We All Experience Suffering

Why COD students should participate in mindful meditation

Nicole Littlefield, Managing Editor

The impact of current events and multitude of changes to our everyday lives is causing unprecedented stress levels for COD students, faculty and staff. To help, COD now offers three mindful meditation sessions a week and a four-session Koru mindfulness course.

As an undergraduate at the University of Illinois at Chicago, Emano was first introduced to mindful meditation when Jon Kabat-Zinn was featured by journalist Bill Moyers on a TV news report. Kabat-Zinn was working at the University of Massachusetts where he taught people with medical conditions (such as cancer, HIV, and chronic pain) on how to cope with their conditions using mindful meditation.

“Mindfulness is being aware of what’s going on in the moment without running away from it, without judging it, but being with it and embracing it,” said Emano. “Regardless of if you like it or not, it’s being in the present moment and being aware of what’s happening in the present moment.”

Although the patients’ medical conditions didn’t disappear, they learned to cope with their challenges and reported feeling better while practicing mindful meditation. Emano began experimenting with mindful meditation and found it helped him as well. 

“I have a little ADD,” Emano said. “I get distracted, and I’m not always very aware. I get caught up in my emotions; I get stressed out. I get frustrated, and I get anxious. Practicing mindfulness, especially self-compassion, has made me a better person because I become aware of the things I am doing and the feelings I have in the moment.”

Manager of the Adjunct Faculty Support and meditation leader, Kate Szetela is also a longtime practitioner 

“I found it [meditation] really helpful for the anxiety I experienced when I was in college,” she said. “It was nice to have that tool to help create calm. I found that having something like meditation is a way to calm myself. Especially to be able to carve out a little time of the day that is just to take care of yourself.”

Since mindful meditation has helped Emano with being in the present moment, he wanted to share the power of meditation with others. With help from meditator Margaret Mackenzie, in 2015 Emano began offering one meditation session every week for COD students and faculty. With the added stress of the COVID-19 pandemic, COD now offers three sessions a week (two mindful meditation and one self-compassion mindful meditation session), and Szetela is offering a four-session Koru mindfulness course. 

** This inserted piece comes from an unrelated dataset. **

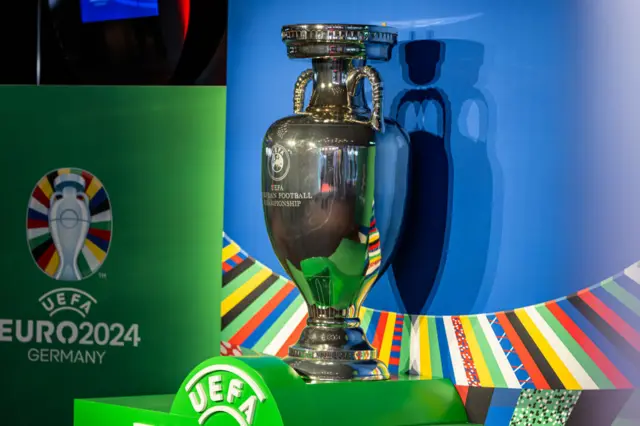 A giant Euros trophy replica stands outside the hall of the finals draw.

“A lot of times we feel like we need to be in this zen moment where our minds are completely peaceful and free of thought or worries, but really meditation is being able to come, sit, and be with whatever comes up,” said Szetela. “Just to be there for whatever is going on in your mind and to notice and embrace whatever comes up for you. It’s really about letting the thoughts stream on through and really be present for that.”

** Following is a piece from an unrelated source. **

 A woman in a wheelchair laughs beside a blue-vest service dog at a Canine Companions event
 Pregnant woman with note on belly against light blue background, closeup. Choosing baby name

The meditation sessions are hosted over Zoom, the leader guides participants through mindful meditation. Since the sessions are virtual, participants are capable of entering or leaving the room as needed. The meditation leaders understand that it can be difficult to sit with your thoughts for long periods of time, so the sessions are broken up into 10 to 20 minute meditation blocks. 

“I invite anyone, especially COD students, to try meditation because life is stressful anyway, but especially with everything going on in our world and also the stress of college,” said Szetela.

We are all suffering. From the stress caused by the coronavirus pandemic, the frustration caused by racial and social injustices, to the individual anxieties we face, we are all suffering. 

“Meditation is important because there is so much suffering in the world,” Emano said. “That is really it. There’s suffering in the world and meditation is one of the ways in which we can try and alleviate our suffering.”